Sometimes the best-laid plans of mice and men often go awry as Robert Burns noted in “To a Mouse”. This was the case when I attempted to prepare this Baked Haddock with Avocado Mango Salsa recipe. I know that avocados and mangoes take several days to ripen so I went to the grocery store on Monday and purchased those fruits (yes, avocados are in fact fruits!) I figured they would be ripe within 3-4 days so I bought fresh haddock filets on Wednesday with the goal of preparing this recipe on Thursday. On Thursday, I start doing the prep work for the recipe, which involves chopping the avocados and mangoes. Once I peeled the mango and started chopping it, I knew it wasn’t ripe. I tried a small piece and that confirmed that it was far from being ready to eat. With fresh fish in the fridge and chopped avocado, I wondered how I could modify this recipe so that I could use the ingredients I had bought. I took a look in my fridge’s crisper and noticed a large navel orange. I have never made salsa with oranges before, but a quick check on the internet revealed that many people have and that they have specifically made Avocado Orange Salsa. To say that I was relieved was an understatement. So, instead of the Baked Haddock with Avocado Mango Salsa that I originally planned to make, here is my Baked Haddock with Avocado Orange Salsa recipe:
Baked Haddock Filets with Avocado Orange Salsa
- 2 haddock filets I prefer to use fresh fish, but you could use frozen fish; just make sure it is completely thawed.

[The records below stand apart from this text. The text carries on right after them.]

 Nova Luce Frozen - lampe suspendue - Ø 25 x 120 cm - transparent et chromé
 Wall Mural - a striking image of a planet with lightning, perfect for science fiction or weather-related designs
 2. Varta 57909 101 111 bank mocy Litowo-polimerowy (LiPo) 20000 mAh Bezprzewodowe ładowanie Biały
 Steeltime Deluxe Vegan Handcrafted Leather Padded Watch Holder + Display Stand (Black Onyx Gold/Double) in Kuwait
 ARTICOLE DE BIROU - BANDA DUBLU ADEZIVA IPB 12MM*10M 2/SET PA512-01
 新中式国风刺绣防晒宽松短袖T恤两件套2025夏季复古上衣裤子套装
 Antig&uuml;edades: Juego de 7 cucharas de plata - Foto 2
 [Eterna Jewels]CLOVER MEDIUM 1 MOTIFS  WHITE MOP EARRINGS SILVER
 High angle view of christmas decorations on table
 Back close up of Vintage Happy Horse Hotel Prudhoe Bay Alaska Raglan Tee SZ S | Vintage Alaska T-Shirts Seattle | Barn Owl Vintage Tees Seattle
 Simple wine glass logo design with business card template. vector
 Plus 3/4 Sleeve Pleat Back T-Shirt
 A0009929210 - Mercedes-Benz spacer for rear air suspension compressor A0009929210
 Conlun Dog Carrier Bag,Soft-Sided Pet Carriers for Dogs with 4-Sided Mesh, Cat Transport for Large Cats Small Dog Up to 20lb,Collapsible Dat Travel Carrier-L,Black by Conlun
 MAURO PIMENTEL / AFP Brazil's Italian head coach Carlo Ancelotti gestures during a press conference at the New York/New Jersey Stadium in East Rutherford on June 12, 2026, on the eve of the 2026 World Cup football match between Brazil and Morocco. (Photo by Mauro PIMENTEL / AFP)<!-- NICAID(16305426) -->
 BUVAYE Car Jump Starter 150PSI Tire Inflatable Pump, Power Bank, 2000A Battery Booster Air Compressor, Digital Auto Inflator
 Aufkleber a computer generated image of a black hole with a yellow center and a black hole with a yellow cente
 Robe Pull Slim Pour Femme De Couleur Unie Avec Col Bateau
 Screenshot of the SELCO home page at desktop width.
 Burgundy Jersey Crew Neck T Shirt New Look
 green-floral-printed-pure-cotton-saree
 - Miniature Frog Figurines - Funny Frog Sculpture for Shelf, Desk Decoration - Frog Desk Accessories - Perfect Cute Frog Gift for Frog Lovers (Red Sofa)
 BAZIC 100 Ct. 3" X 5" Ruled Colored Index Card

- 2 Tablespoons avocado or olive oil
- 1 lime juice of
- 1 navel orange
- 2 avocados skins removed
- 1/3 cup cilantro chopped
- 1 lime juice of
- Chop avocados into 1/4" cubes.
- Chop orange into 1/4" cubes. (If using a navel orange, there should be no seeds.)
- Combine chopped avocados, orange and chopped cilantro in a bowl. Add juice of 1 lime to bowl and combine well.
- Heat oven to 425 degrees F.
- Place fish filets on parchment paper and drizzle with juice of 1 lime and 2 Tablespoons of olive or avocado oil.
- Wrap fish in parchment paper into a packet and place in uncovered casserole dish. Bake for 23 minutes on middle rack of oven.
- Plate fish and serve with Avocado Orange Salsa and Spring Greens Salad.